4. Find an interesting way to approach a topic. This will keep your writing controlled, give it structure and help you define your thesis. For example, instead of writing about slavery, refine the topic to a particular country, state, time period, or element of slavery. Then refine further. Slavery is not a topic. It's too big. Get an angle, such as 'the life of women enslaved in the South Carolina sea island rice plantations in the early 1800s differed drastically from other manifestations of slavery'. That is examining one element, or one part of slavery, so it is a reasonable topic. Another example: Baseball. That's not a topic. Some specific player's philosophy on practice and how it mainfested in his success could be a topic.

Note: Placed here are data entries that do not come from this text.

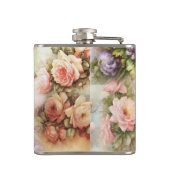 bloemen heupfles (Achterkant)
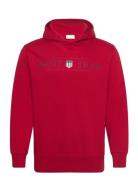 Graphic Hoodie Tops Sweatshirts & Hoodies Hoodies Red GANT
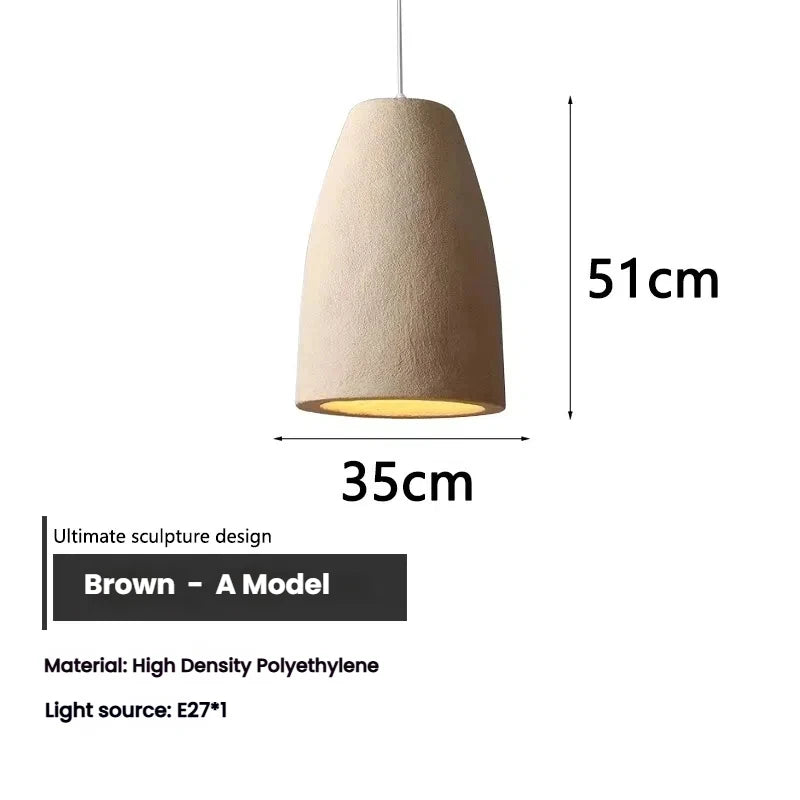 Modern "Wabi-Sabi" pendant light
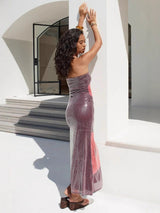 Mesh Geometric Bodycon Dress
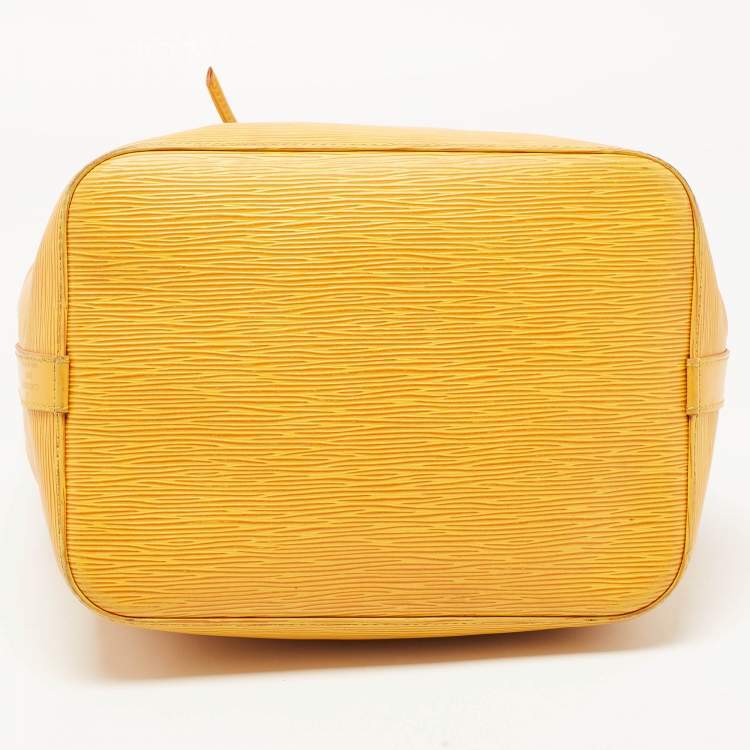 Pre Owned Louis Vuitton Tassil Yellow Epi Leather Neonoe Bag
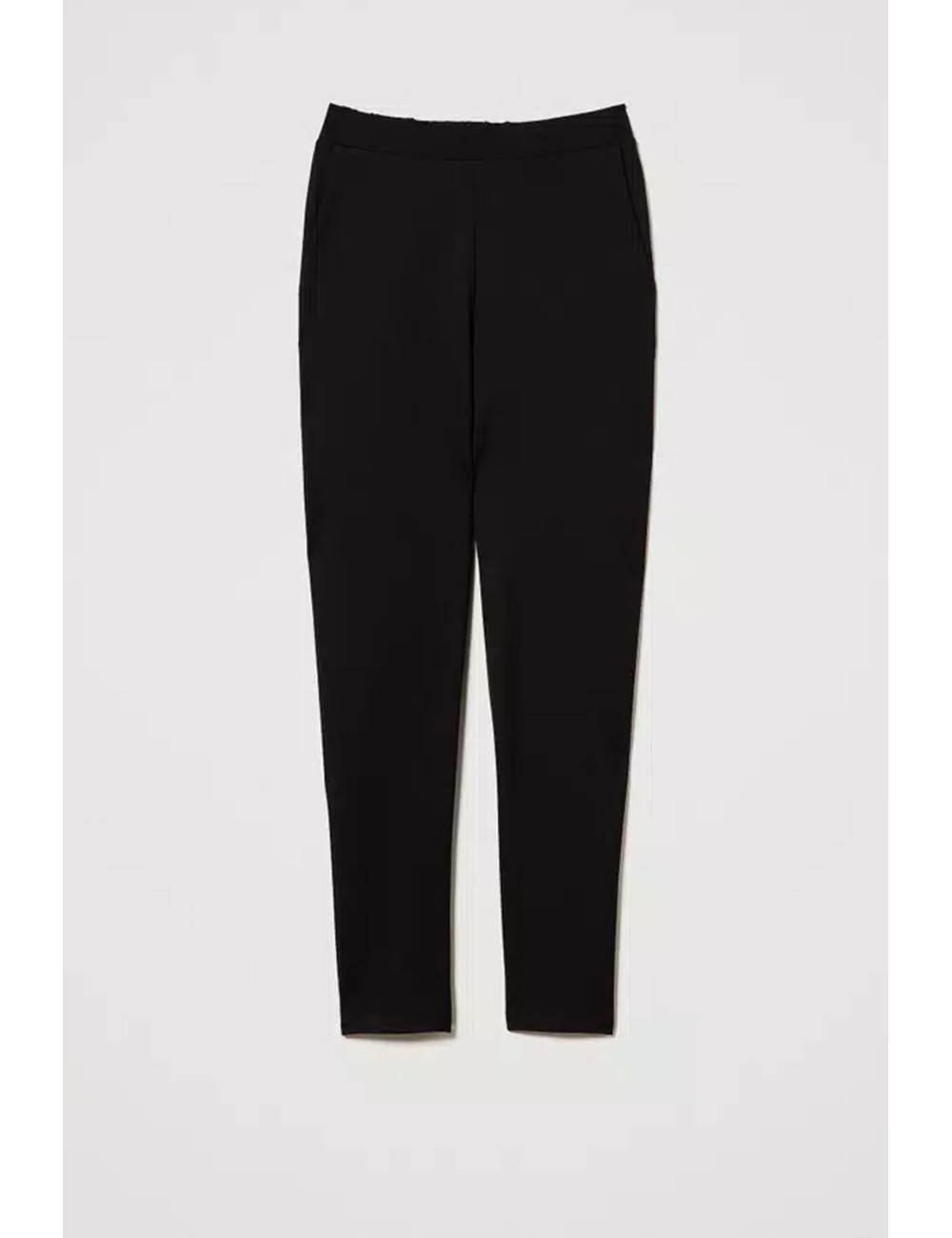 Twinset - pantaloni a sigaretta con elastico nero 242li2mdd 00006TwinsetPassioni Boutique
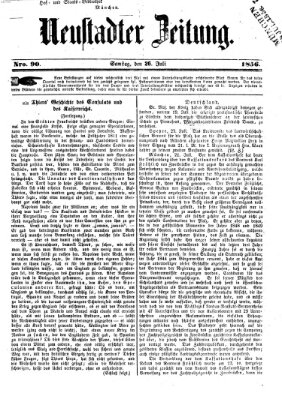 Neustadter Zeitung Samstag 26. Juli 1856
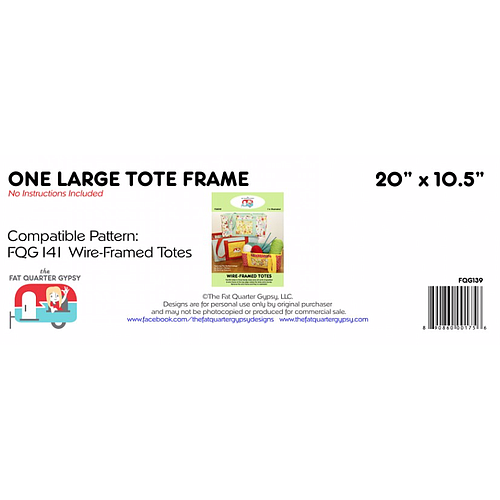 Tote Frame Large 20" x 10.5" (for pattern FQG 141)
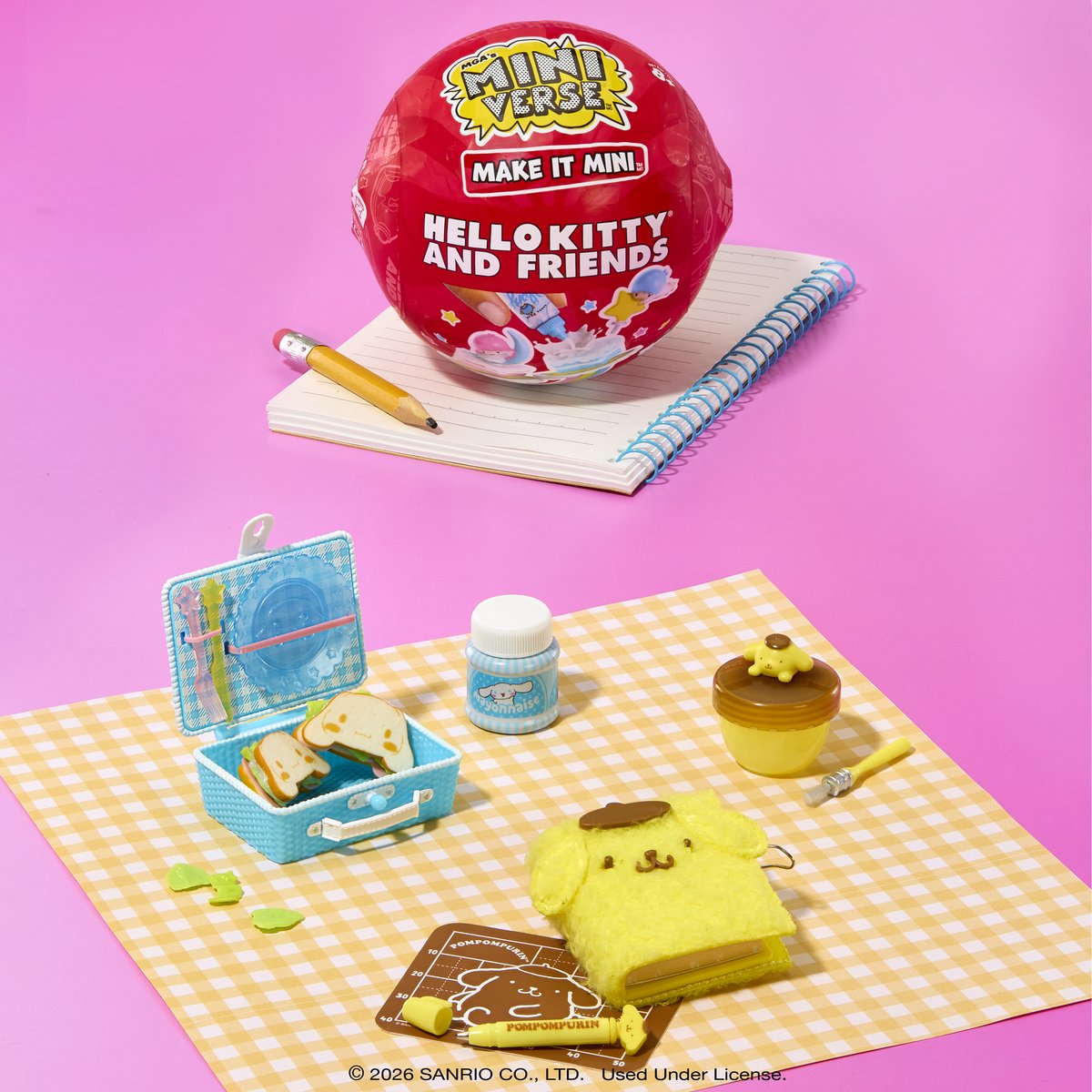 Miniverse - Make It Mini Hello Kitty and Friends - Series 4 - Knutselset - Miniaturen Maken — cadeau in Hobby - foto 5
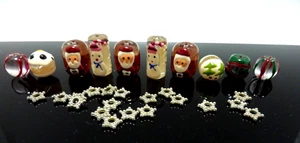Vintage Christmas CRAFT  DIY   Bits Pieces Charms - Picture 1 of 5
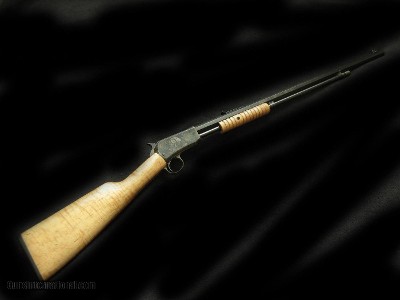 Winchester 1890 22WMR Relined Engraved African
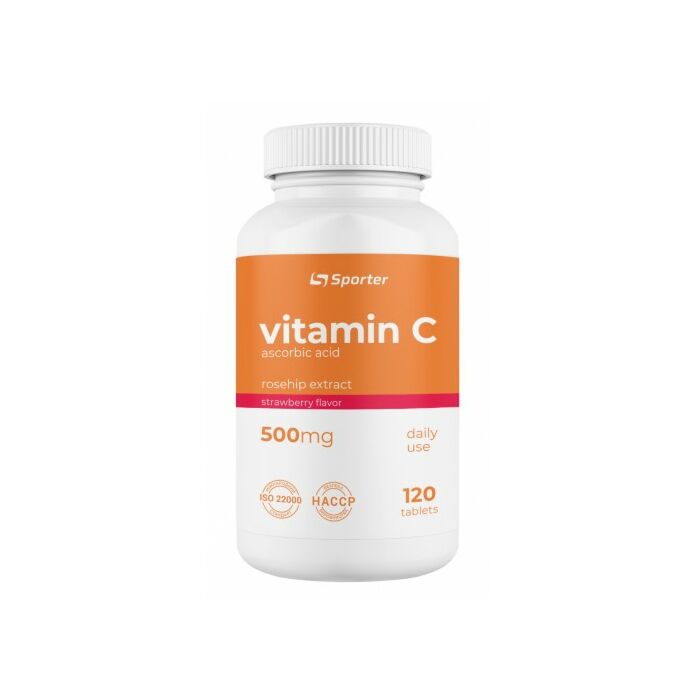 Вітамин С Sporter Vitamin C 500 mg with rosehip- 120 таб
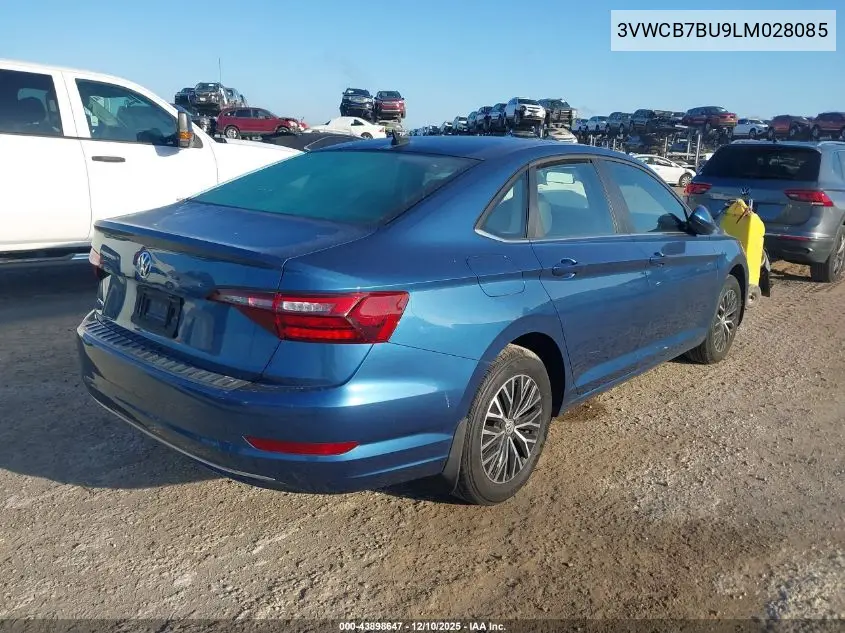 3VWCB7BU9LM028085 2020 Volkswagen Jetta 1.4T R-Line/1.4T S/1.4T Se
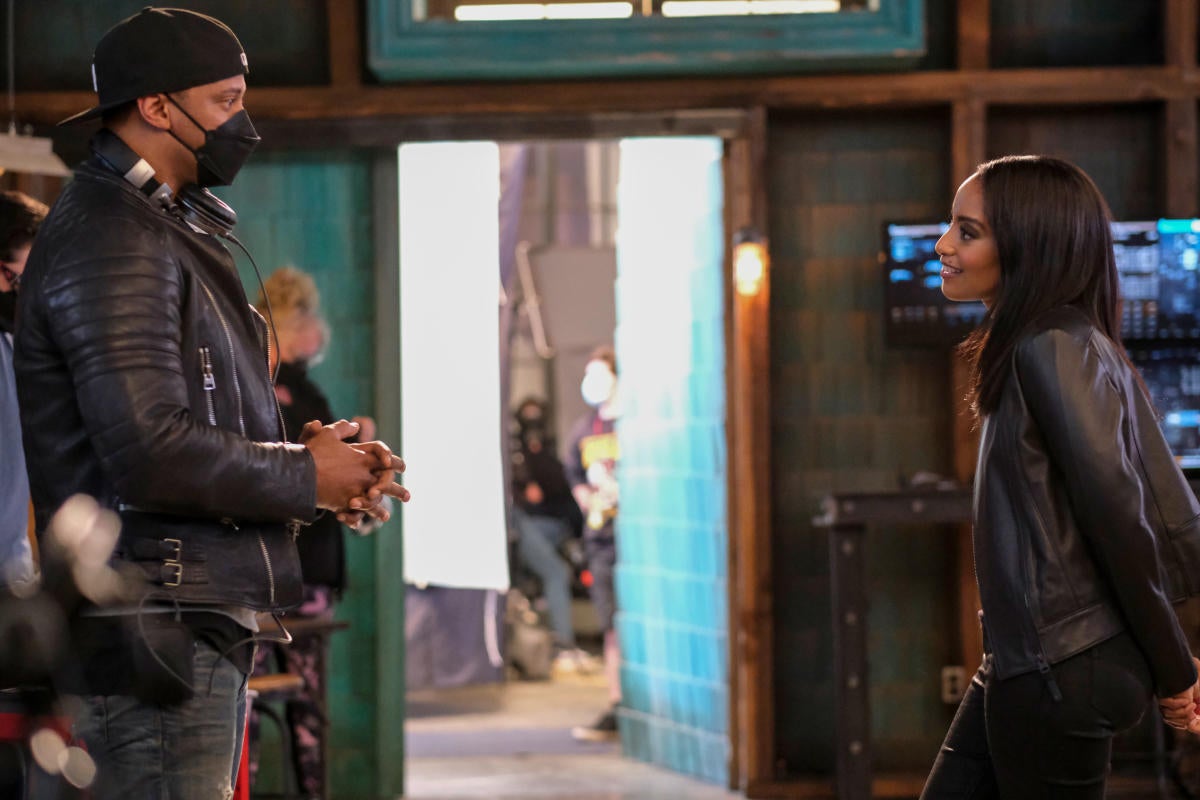 David Ramsey and Azie Tesfai BTS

5. Start researching. If you have a vague idea of what you want to write an essay about but you don't know where to go with it or you need to clarify it, get some books from the library and flip through them for ideas. Look for the topic in the news or online. Look for images of the topic online and see what you find. You might find the angle you are looking for.

6. Brain storm. Write a list of ideas you have or write a list of things that interest you. If your topic is what makes a great leader, start writing some words that remind you of a leader or write the names of leaders you admire and why you admire them. Write down some of the topics that are possible. Open a dictionary and flip through, writing down interesting words or ideas that pop out at you. Write down anything that pops into your head and keep writing until you have a good long list. Take a short break and then go back and see if any one idea or a few items pop outas a possibility. If something does, get a new sheet of paper and start brainstorming the idea. Do it right away, when you're energetic so the ideas will flow.

7. Look right in front of you. What do you spend most of your time doing or thinking about? A sports team? A hobby? A goal? A certain game? Often whatever it is that you do in your spare time could be merged into an essay topic. If you play civilization-building games, research the real history behind one of the civiliizations. If you love a certain band, could you research something about their music, or one of the artists who inspired them? Often there are ways to use things you do every day and develop them into an essay or research paper. Just be creative and think out of the box.

8. Ask a teacher, advisor or look online. Stuck for a specific angle? Google the topic and see what other people have written about the topic. Ask a teacher, parent or a respected friend or mentor for some guidance or ideas on what to choose. They will feel flattered that you asked them and will probably give some great ideas.

9. Re-use a topic. Think about whether you have a topic you've written about before that you could re-use for this essay. You may even be able to use sections of what you wrote before or re-use the research. You may be able to just look at a related topic, a different aspect of the same idea. For instance, if you wrote a paper about the history of soccer before, you could write a new one about the popularity of soccer in a certain country, and one section of the essay could be the history of soccer (your old paper condensed). Be careful with this method though. Teachers talk to each other and this might not fly. If the essay was used in a different school or a for a different college class, it might work. If you re-write the paper about a new angle on the new topic, it should be seen as legitimate. If the essay is something such as 'my views on leadership' for a college scholarship or application, by all means, copy and paste it and re-use it.

10. It's the last minute! What do I do? If you can't find anything that thrills you, just pick something and get started. Take your most basic idea and run with it. It will be over soon and you can stop worrying. Or if you have to turn in an essay and thesis statement in advance, just go with your best idea but keep searching for a better one. If you come across something better, most professors will let you change your topic. If you find a great idea, even if you've already written a little, don't hesitate to throw out a few notes and start over. If you are interested in the essay topic, the essay will almost write itself.